Mic92 / sops-nix

Atomic secret provisioning for NixOS based on sops
MIT License
1.63k stars 155 forks source link

Secrets not showing up in /run/secrets after reboot #149

Open DanielFabian opened 2 years ago

DanielFabian commented 2 years ago

I just followed the tutorial and tried setting up wifi for my nixos install using nix-sops and it seems to work just fine when I make a nixos-rebuild switch.

However, when I reboot, for some reason, the /run/secrets directory isn't created. Doing another nixos-rebuild switch (without any changes at all), fixes it again until I reboot.

https://github.com/DanielFabian/.dotfiles/commit/230b4ecf2b017252926f680b7091a94f8634da6f

Any idea what I might be doing wrong? Or is it perhaps a bug that it's not setting up the secrets during the boot.

Mic92 commented 2 years ago

Can you get boot logs? Is your home that has your key stored on a different partition that is not present yet during boot?

0x4A6F commented 2 years ago

I had my secrets located in a different ZFS dataset (!=rootfs) and thus also experienced this behaviour. The ZFS dataset (mounted in 'Local File Systems' systemd target) was mounted after stage-2-init: setting up secrets....

After moving my sops secrets to my rootfs it does set up secrets during boot.

DanielFabian commented 2 years ago

ah, interesting, I'll look at it. And to answer that, yes, totally. In ZFS I have tons of datasets. In particular my user's home directory is a dataset.

Mic92 commented 2 years ago

Ok. Unfortunately we cannot handle this usecase right now since we need to run before any additional mounts trigged by zfs or by systemd mount units are loaded.

DanielFabian commented 2 years ago

so which file exactly do I have to move then? Is it the encrypted sops file, or what?

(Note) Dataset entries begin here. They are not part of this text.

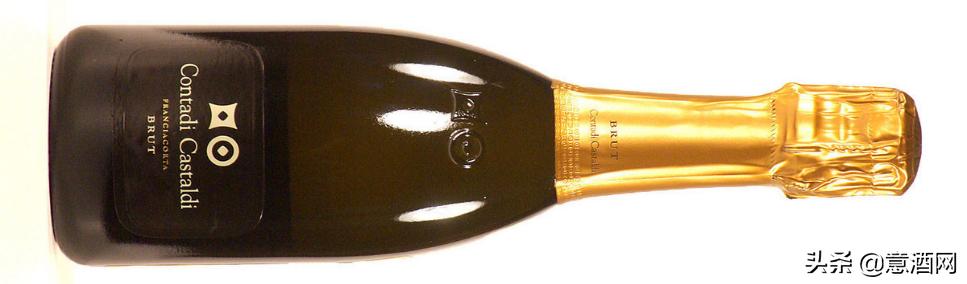 意大利百元价格葡萄酒推荐,意大利性价比最高的葡萄酒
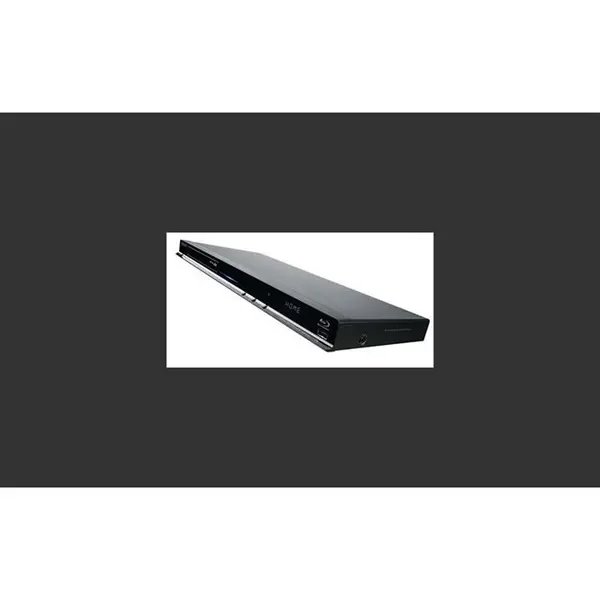 دی وی دی بلو ری سونی BDPS480 SONY SONY --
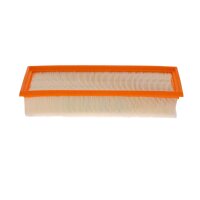 BOSCH F 026 400 459 Luftfilter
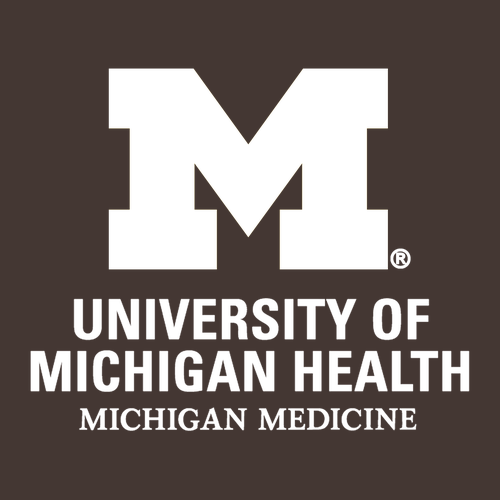 Gildan Heavy Blend Crewneck Sweatshirt -- Dark Chocolate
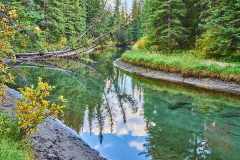 2208_BanffNP_404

Mic92 commented 2 years ago

You need to move your age key: https://github.com/DanielFabian/.dotfiles/blob/230b4ecf2b017252926f680b7091a94f8634da6f/system/configuration.nix#L22

DanielFabian commented 2 years ago

thanks, I'll give it a go.

DanielFabian commented 2 years ago

thanks, this worked. In the end, I just use the host's SSH key and it's fine.

Mic92 commented 2 years ago

I think we should mention this in documentation at least.

drestrepom commented 1 year ago

I have the same problem, I am trying to add an ssh key in the shell init, but after reboot this not works

/run/secrets/ssh_key: No such file or directory
  programs.zsh = {
    enable = true;
    autosuggestions.enable = true;
    interactiveShellInit = ''
      export DIRENV_WARN_TIMEOUT=1h
      source <(direnv hook zsh)
      ssh-add ${config.sops.secrets.ssh_key.path}
    '';
  };

This is the commit with all changes to use sops-nix https://github.com/drestrepom/env/commit/17aa1b33307d1ad548e05ef957250509b84160f9

Mic92 commented 1 year ago

There should be an error from the activation phase visible when running nixos-rebuild switch.

drestrepom commented 1 year ago

There should be an error from the activation phase visible when running nixos-rebuild switch.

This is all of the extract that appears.